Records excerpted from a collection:
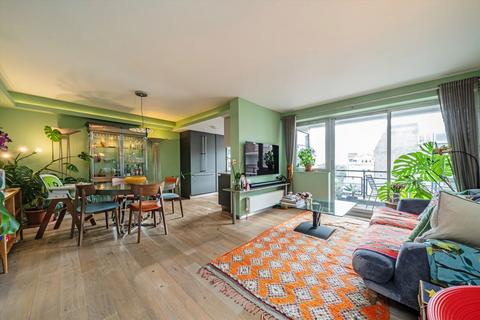 3 bedroom flat for sale, Kensington Heights, London W8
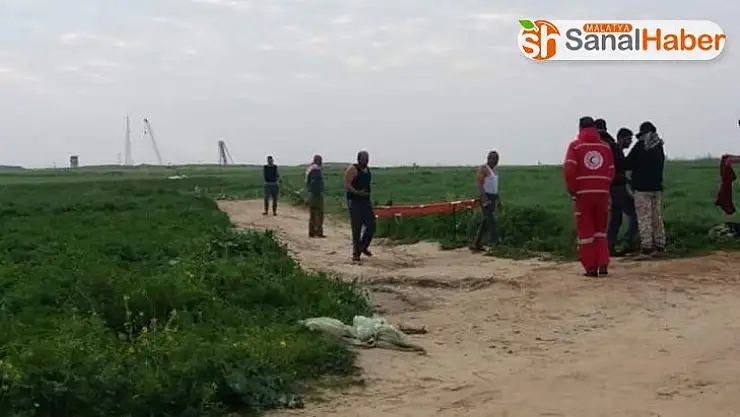 İsrail güçleri Gazze sınırında Filistinlilere ateş açtı: 1 ölü, 2 yaralı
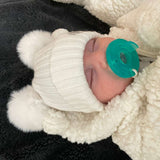 Itty Bitty Double Pom Knit Hat > Calikids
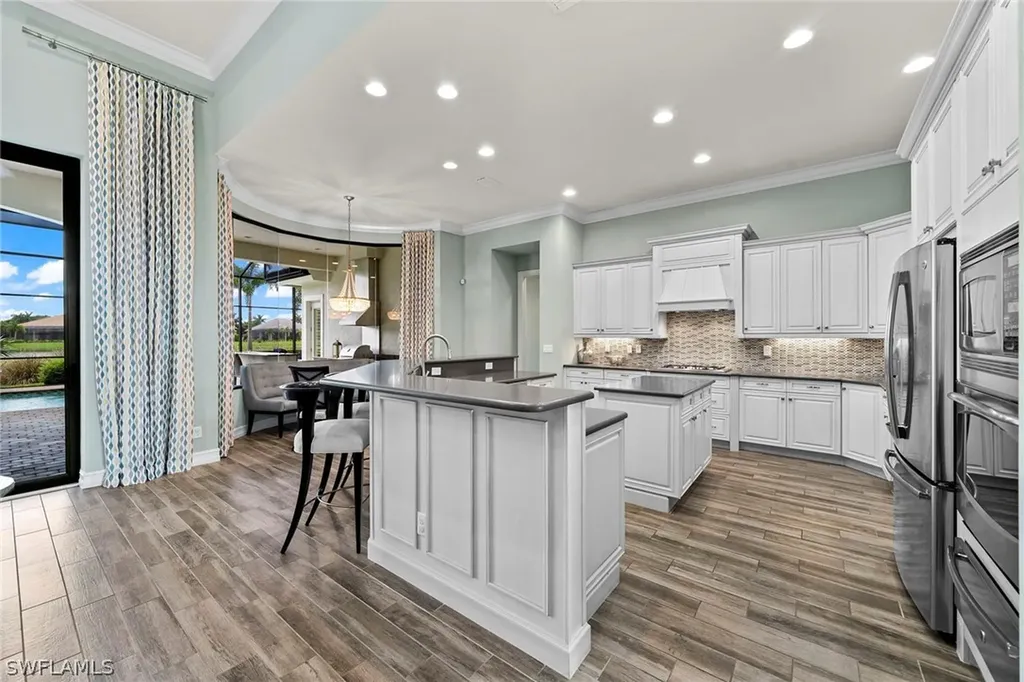 11916 Hedgestone Court Naples FL 34120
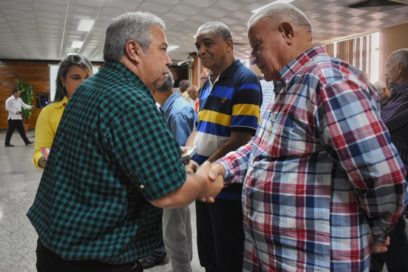 Cincuentenarios: obra de amor infinito a la industria azucarera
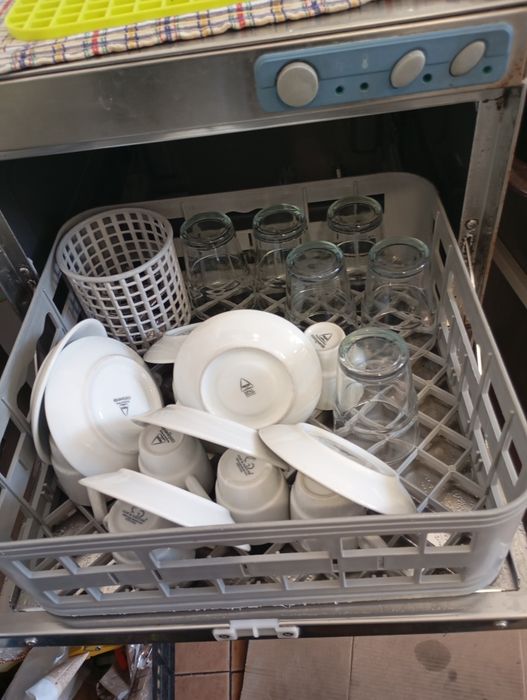 Máquina de lavar louça café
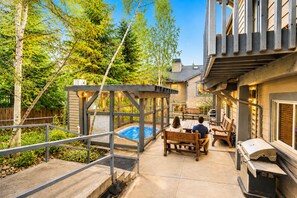 A backyard with a wooden deck, a pool, and outdoor furniture. - Settlers 2 Bedroom Condo by RedAwning (Park City)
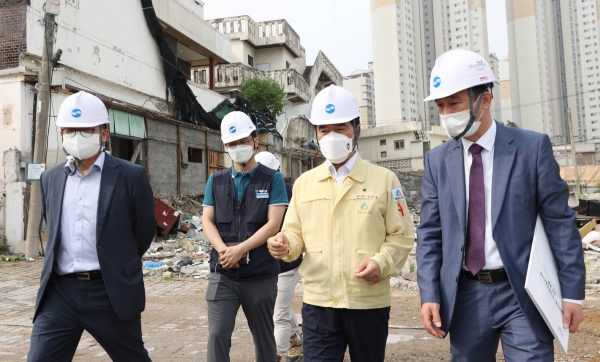 황인호 동구청장, 천동3구역 철거 현장 안전 점검 모습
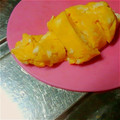 あゆたっくん's cooksnap of when they made お弁当に♪卵１コで母の甘〜いたまご焼き.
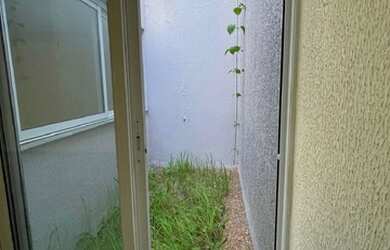 Imagem: A casa possui 3 Dormitórios, 2 Banheiros, 179m² de Área e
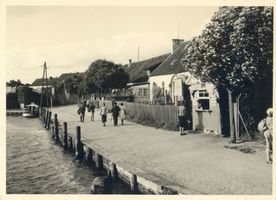 Nikolaiken Kr. Sensburg, Kreis Sensburg Nikolaiken Kr. Sensburg, Dampferanlegestelle und Gasthaus II Masurische Seen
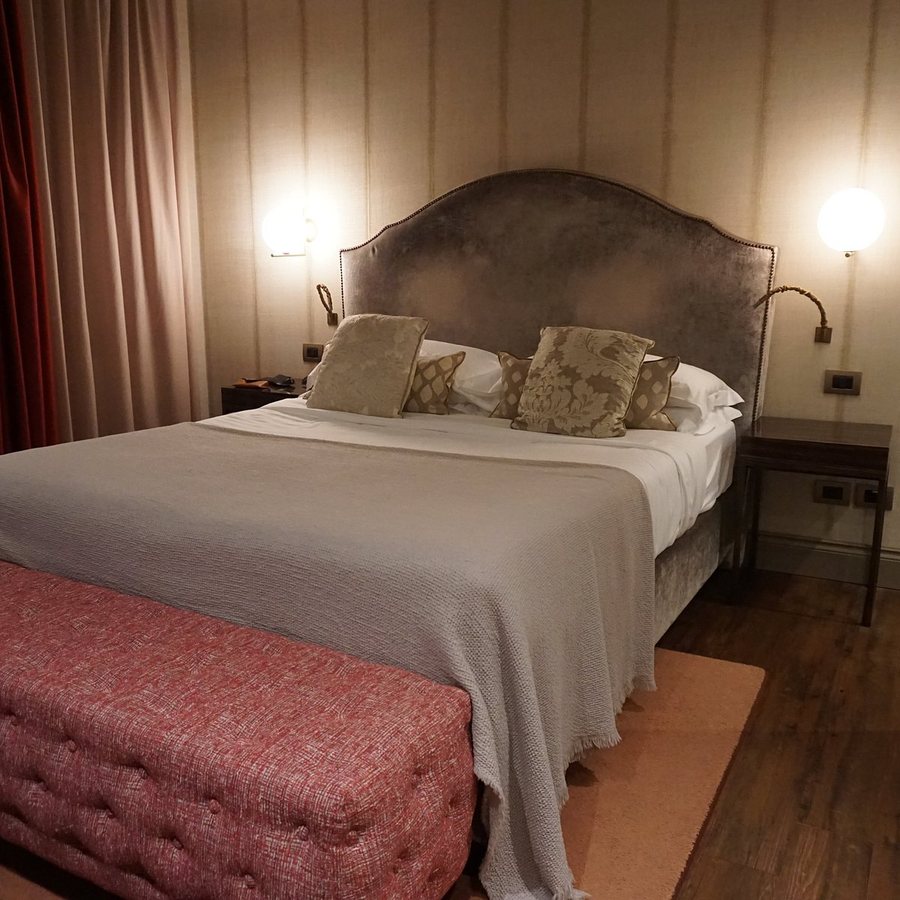 Suite735 — Guest room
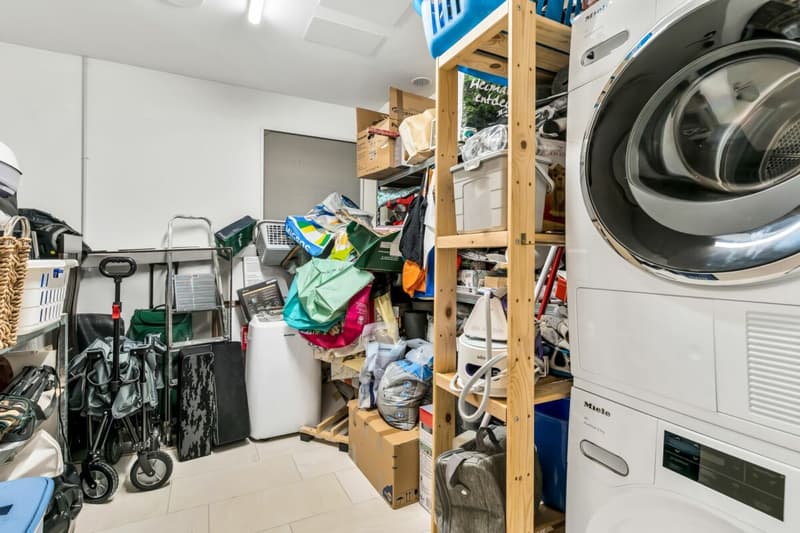 Wohnen am Zürichsee: Moderne Gartenwohnung mit viel Licht (29)
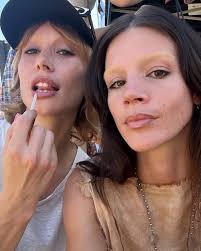 Terrible at taking photos when having fun. Eyebrows went bye bye and  freckles said hi hi. Laneway 25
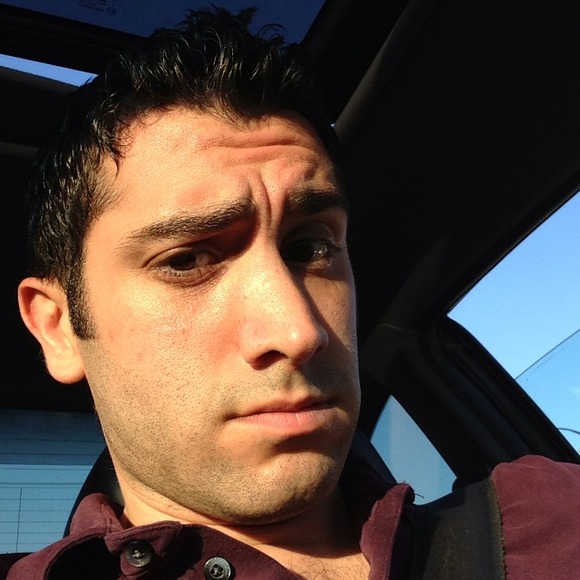 Profile Picture of Andrew Daniel (@andrewddaniel) on Poshmark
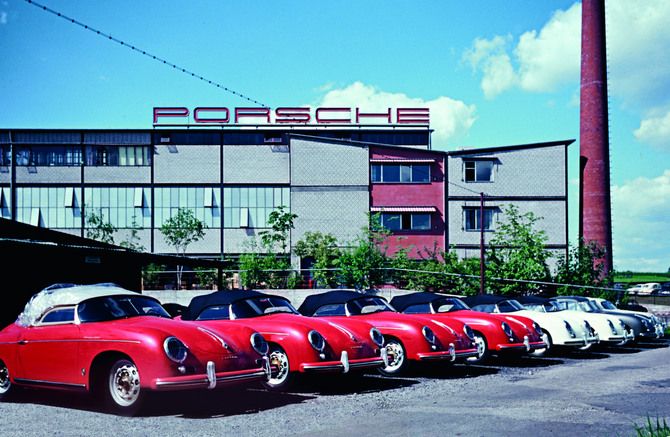 Stuttgart-Zuffenhausen: sixty-years producing Porsches Stuttgart-Zuffenhausen: sixty-years producing Porsches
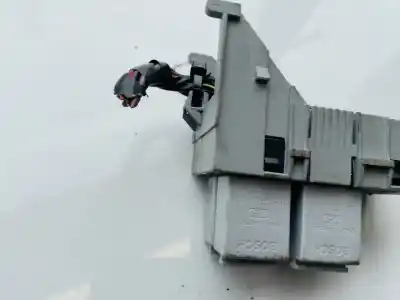 Second-hand car spare part fuse box unit for opel meriva b 1.7 16v cdti oem iam references 93363145  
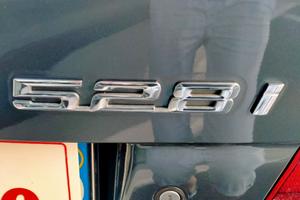 BMW 528 i E39 ATTIVA 193CV TARGA ORIGINALE / INTER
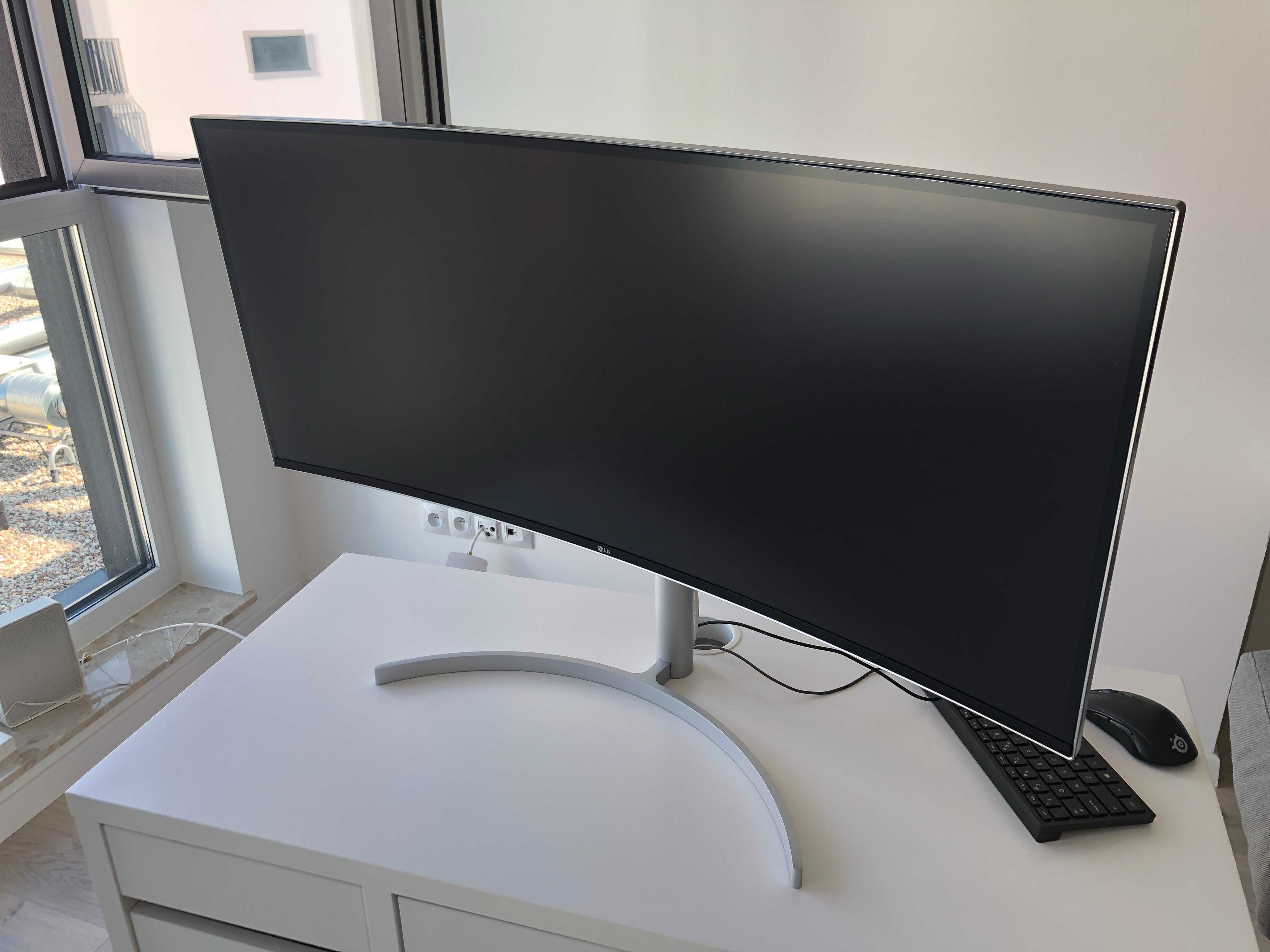 Monitor LG 38WK95C 38" 3840x1600px IPS Curved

▶ Task description
Please give again only the lines from the one containing "Terrible at taking" through the last line of the entries above, exactly as they stand and without pictures.

▶ Response to this exercise
 Terrible at taking photos when having fun. Eyebrows went bye bye and  freckles said hi hi. Laneway 25
 Profile Picture of Andrew Daniel (@andrewddaniel) on Poshmark
 Stuttgart-Zuffenhausen: sixty-years producing Porsches Stuttgart-Zuffenhausen: sixty-years producing Porsches
 Second-hand car spare part fuse box unit for opel meriva b 1.7 16v cdti oem iam references 93363145  
 BMW 528 i E39 ATTIVA 193CV TARGA ORIGINALE / INTER
 Monitor LG 38WK95C 38" 3840x1600px IPS Curved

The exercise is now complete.